While asserting that "time is a great healer", Subrata Roy said money is a good servant but a bad master.
In jail for almost two years now, embattled Sahara group chief Subrata Roy says being confined to a prison cell with only basic amenities came as a "rude shock" and he has often wondered what "wrong" he has done.
In a book released on Monday -- on Sahara's 39th Foundation Day and incidentally a day before a crucial hearing in Supreme Court -- Roy also said that "life in jail can be painful and lonely" but he has managed to keep the stress away at all times and he always leads a "totally tension-free life".
The book titled 'Life Mantras' is the first of a trilogy 'Thoughts from Tihar' that Roy has penned while in judicial custody in Tihar Jail in connection with a long-running investor refund case, running into thousands of crores of rupees, with the markets regulator Sebi.
"My judicial custody in Tihar jail and being confined to a prison cell with just the basic amenities definitely came as a rude shock."
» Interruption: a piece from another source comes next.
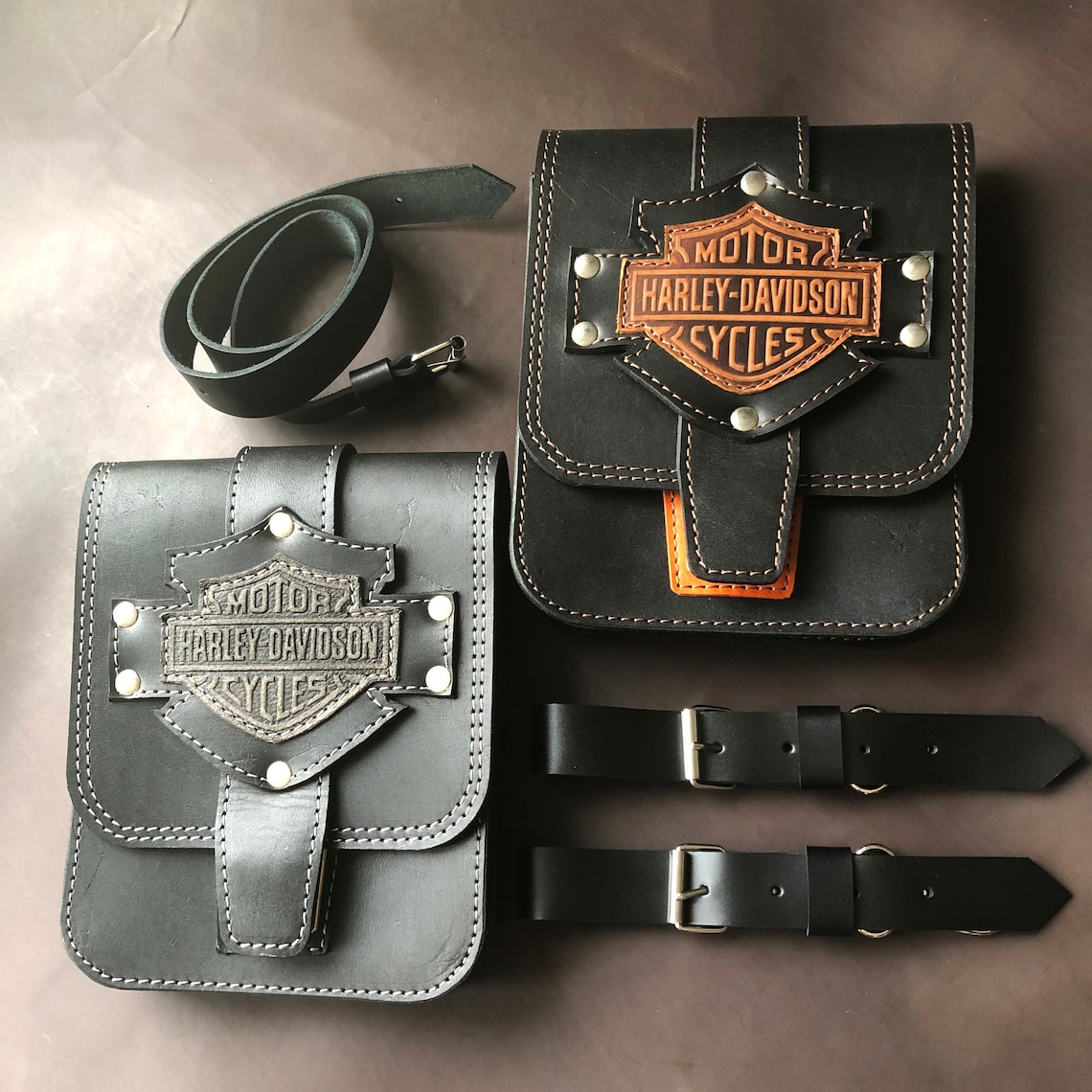 HARLEY DAVIDSON Biker Leather hip bag Biker Leg leather Etsy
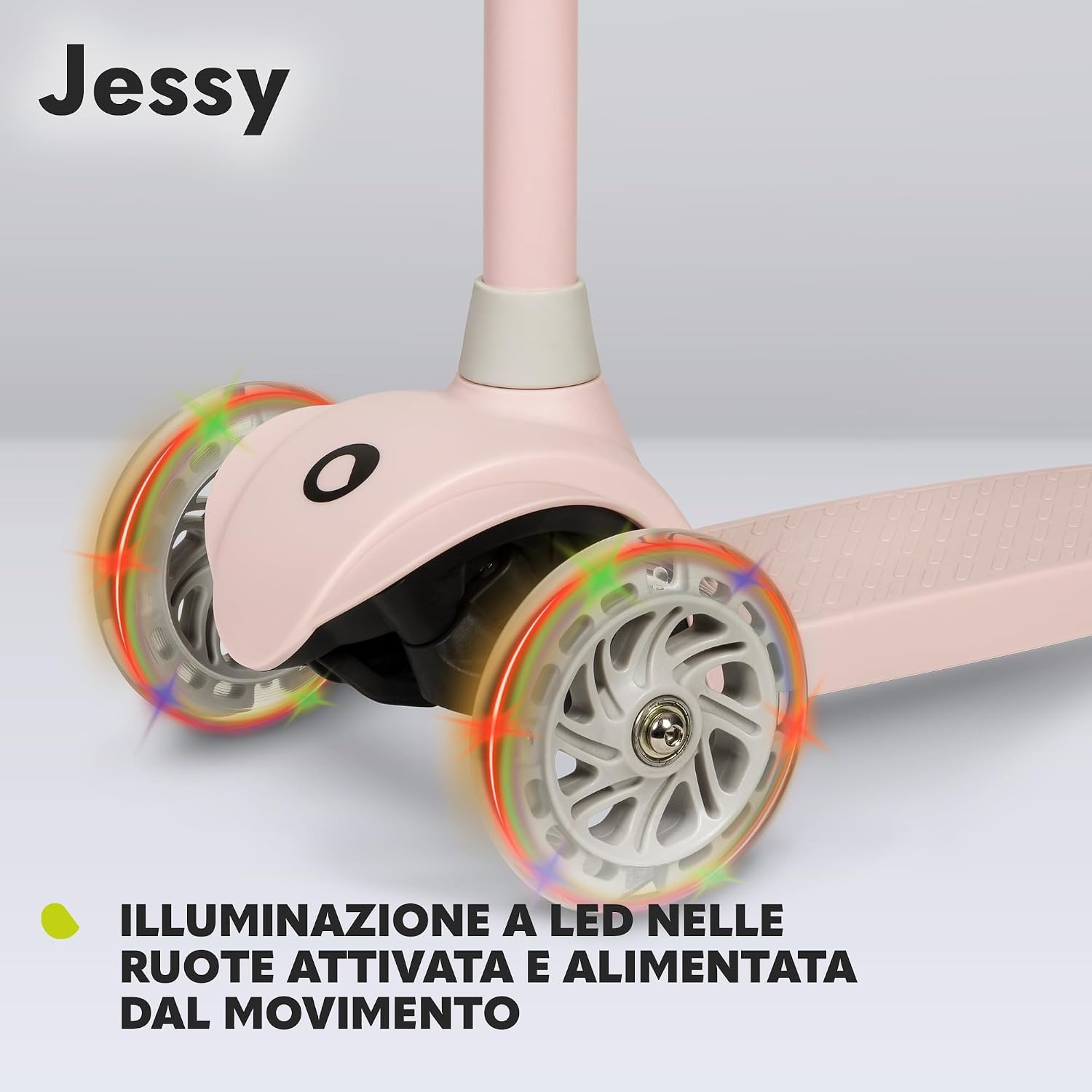 LIONELO Jessy Driewieler Kinderstep met LED Wielen – Balanceer Step voor Kinderen vanaf 3 jaar, tot 50 kg – Verstelbare Hoogte, Stabiel, Antislip Platform, Lichtgewicht Stevige Constructie, Roze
"I, like any other human in confinement, could not contain my thoughts and at times felt an emotional outrage, 'why me?', 'what have I done wrong to deserve this?'. Thoughts such as these often raced through my mind," Roy said in the book.
The Sahara group chairman said that life in jail can be painful and lonely. "Fortunately, God has blessed me with the ability of keeping stress away at all times," he added.
According to Roy, living all alone without any contact with the outside world would make people pull their hair or even go insane.
While asserting that "time is a great healer", Roy said money is a good servant but a bad master.
Talking about people who give importance only to money "the material aspect", the Sahara chief said such people may say that they can live quite beautifully and happily if they have lots of money and material riches.
In a situation where all the riches wished for are given, "the man will certainly be pleased beyond measure", he said in the book where he also stressed that the work is not his autobiography.
But at the same time there will be a condition imposed on him that he will have to live all alone with the gates of the palace locked from outside, not allowing him any contact with the outside world, not even through television or radio, Roy has written in the book.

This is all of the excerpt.